HTML 5 could present everything in mostly the same way, but still be an
improvement because the browser would be aware of it all.

Problems that I see only in Flash:

\- Fixed-size text in a fixed-size box in the browser.

\- Text that can't be selected/copied/pasted.

\- Unnecessary customizations to video player interfaces.

\- "Navigation" that is completely unable to interact with the rest of my
browser, e.g. can't figure out what URLs things go to, or how to go back.

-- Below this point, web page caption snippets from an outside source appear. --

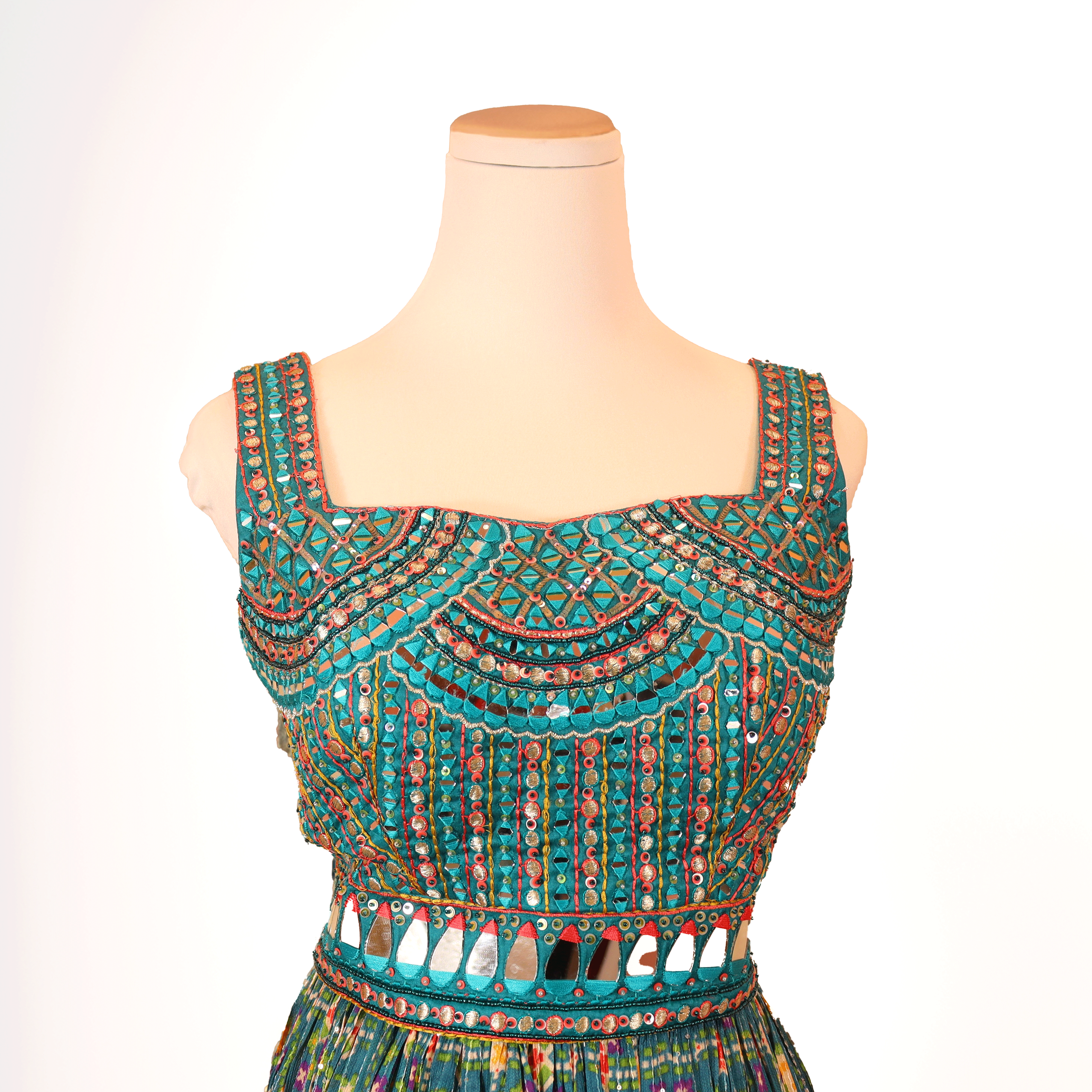 Bridal Lehengas, Saree Blouses, and Wedding Dress Alterations in Guelph – All at Gunit’s Boutique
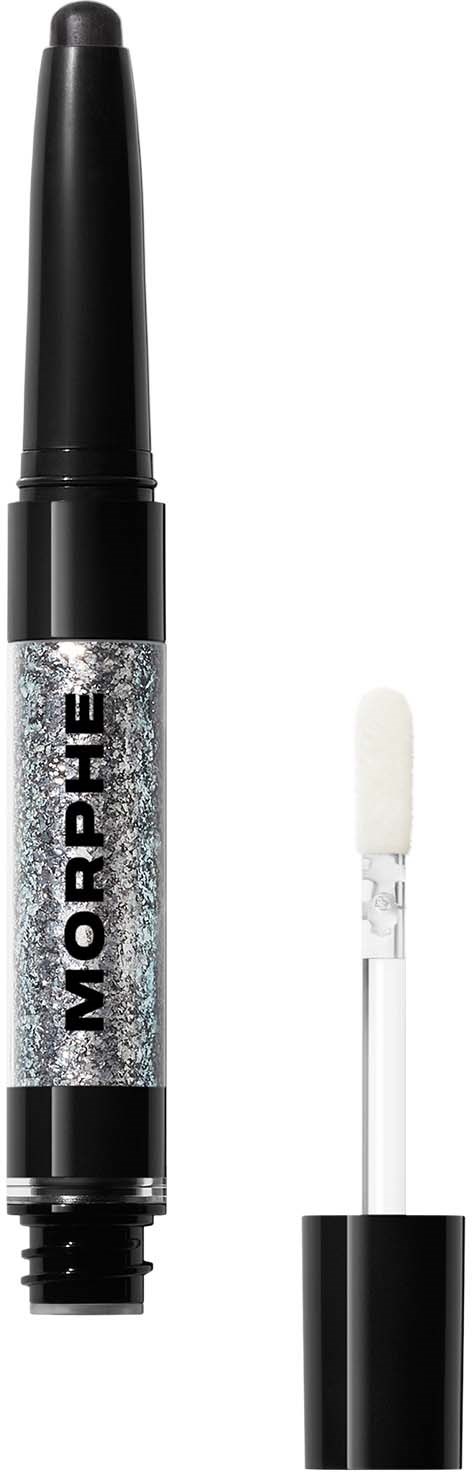 En svart och silver makeup-penna med en borttagbar vit spets för att rita eller dekorera. Ordet MORPHE står på sidan.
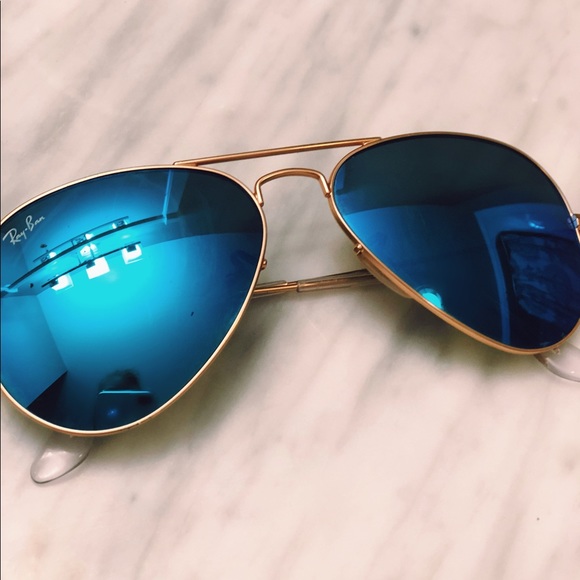 Ray-Ban Accessories - Ray bans aviator flash lens in blue flash and gold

\- Needing to go to Adobe's own web site to bring up Flash configuration
panels to edit further redundancies like Flash's own cookie storage, etc.

------
bonaldi
Hoo, the comments thread on this is still good. It's OK for Flash to suck,
because sometimes other apps suck as well. _the Flash plugin on Windows is far
more efficient and performs massively better than in the same page on
Macintosh. [jd sez: I haven't tested that, but it's reasonable -- 3D and video
tools are often claimed to work better on Windows too.]_
[http://blogs.adobe.com/jd/2009/06/adobe_on_html5.html#commen...](http://blogs.adobe.com/jd/2009/06/adobe_on_html5.html#comment-2005744)

------
benreesman
holding my finger in the dyke is hard, let's go shopping!